Peterson, an attorney and outspoken critic of the Keller administration’s handling of Downtown, knows a little about BIDs. He is a two-time member of the former Downtown BID’s management agent, the “Downtown Action Team.”

Peterson and Gessing are skeptical of imposing additional property taxes onto Downtown property owners without first resolving crime and vagrancy.

“The former Downtown BID failed because it built a hierarchical, wasteful administration, including Keller fundraiser Brian Morris as the Executive Director, and spent more money throwing parties and holding nonsensical meetings than improving public safety,” they wrote on Sept. 15.

Peterson and Gessing are calling for Mayor Tim Keller to “get tough on crime Downtown and elsewhere,” saying the market for office, retail and restaurant space in Downtown is “soft to say the least.” They are also appealing to the governor and Legislature to do more to diversity New Mexico’s economy, but we can’t wait a decade or more for state lawmakers to rescue the Downtown and make it a destination more than a place people avoid.

We’re going to have to do it ourselves, and Mayor Keller gets that.

“Downtown has to save itself, but we’re going to help,” Keller said at a news conference last month. “And we’re going to put skin in the game, and we’re going to be there because we’re part of Downtown.”

The Greater Albuquerque Chamber of Commerce made a great point in a Sept. 19 op-ed when chamber leaders said “Thriving American cities generally have thriving downtowns.”

Put another away, decaying cities always have decaying downtowns.

“Successful downtown areas provide a city’s residents with comfortable and trendy urban housing, a dense economic base with significant public and private sector jobs, and recreational opportunities – including great places to eat, shop, and enjoy art, culture, sports or music,” chamber leaders wrote on Sept. 19. “The economic benefits of a thriving downtown are felt citywide, producing significant concentrated revenue and playing a key role in attracting visitors – business and personal.”

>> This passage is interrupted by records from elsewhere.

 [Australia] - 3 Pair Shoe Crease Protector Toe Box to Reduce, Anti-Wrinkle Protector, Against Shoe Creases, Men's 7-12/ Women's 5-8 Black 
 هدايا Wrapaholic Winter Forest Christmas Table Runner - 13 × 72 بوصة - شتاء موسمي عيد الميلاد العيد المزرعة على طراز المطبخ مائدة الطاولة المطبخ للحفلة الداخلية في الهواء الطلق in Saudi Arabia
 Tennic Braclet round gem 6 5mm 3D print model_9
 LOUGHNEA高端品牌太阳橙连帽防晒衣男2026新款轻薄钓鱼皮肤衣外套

There’s no denying any of that.

However, the chamber also acknowledges that Downtown must become “a safe and welcoming place for residents, visitors, workers, and businesses alike” to make significant investments in housing, infrastructure, amenities, and attractions possible.

It is indeed a chick-and-egg situation. Which will come first, public safety or economic investment? The chamber, and Gessing and Peterson, are correct. We must have both, and simultaneously.

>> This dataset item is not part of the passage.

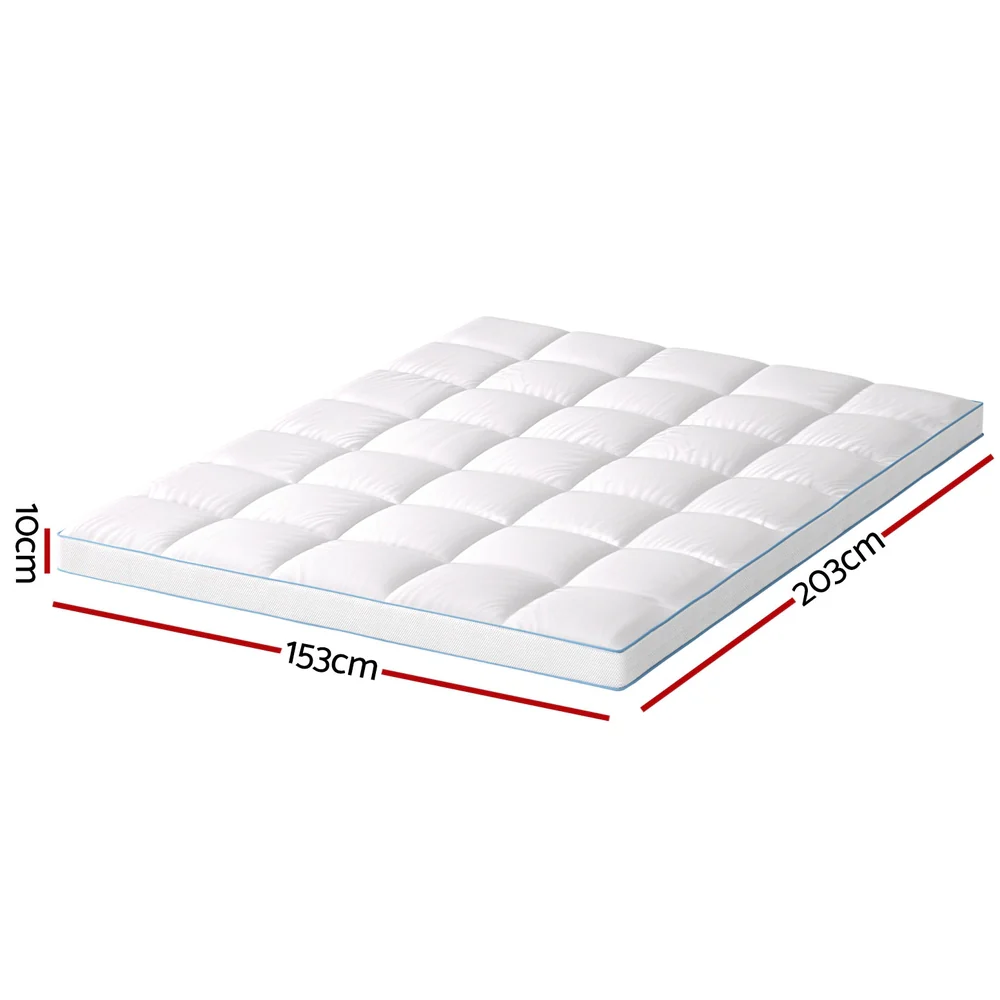 Giselle Bedding Mattress Topper Pillowtop Bamboo 10cm Queen - Image 3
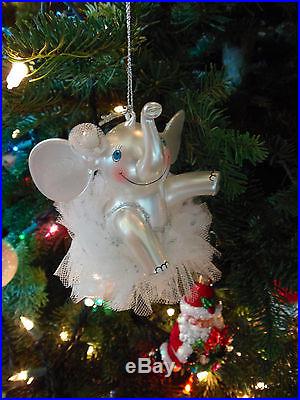 RET RARE Vintage Radko Elephant w/White Tutu Christmas Ornament Italian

That is why we support both the proposed TIF and BID. While shifting resources from other areas of the city to Downtown is fundamentally unfair, we’ve got to try something.

Capturing more of the tax revenue produced in Downtown and re-injecting those funds into public and private Downtown development projects could catalyze Downtown growth. Downtown is something we all should be willing to invest in. It’s the heart of our city and reflects on all of us.

And BIDs are, as the chamber notes, a national best practice relied on by most successful cities in the United States.

“Under a BID, downtown property owners organize and equip themselves with resources to uniquely promote and beautify downtown, support and plan events, add targeted security, create recreational opportunities, and more,” chamber leaders wrote.

And as Brunner noted, a BID allows businesses to run their own services, such as parking, marketing and security, creating greater buy-in.

“(B)usiness owners and property owners can petition the city to do a study and create a Business Improvement District, and then assess a fee across those property owners that that group of property owners then can use in their own interest to promote their businesses,” Brunner explained. “It’s really, in a sense, a business rights-, property owners’ rights-kind of organization.”

Empowering Downtown businesses to improve their lots with specific services will create more buy-in, and hopefully produce less finger-pointing. But without real improvements in crime and homelessness, and enhanced laws to keep dangerous criminals and repeat offenders off our streets, neither a TIF nor a BID will matter much.

Nonetheless, a Downtown TIF and BID are solid proposals if coupled with public safety improvements. And saving our Downtown is worth the effort.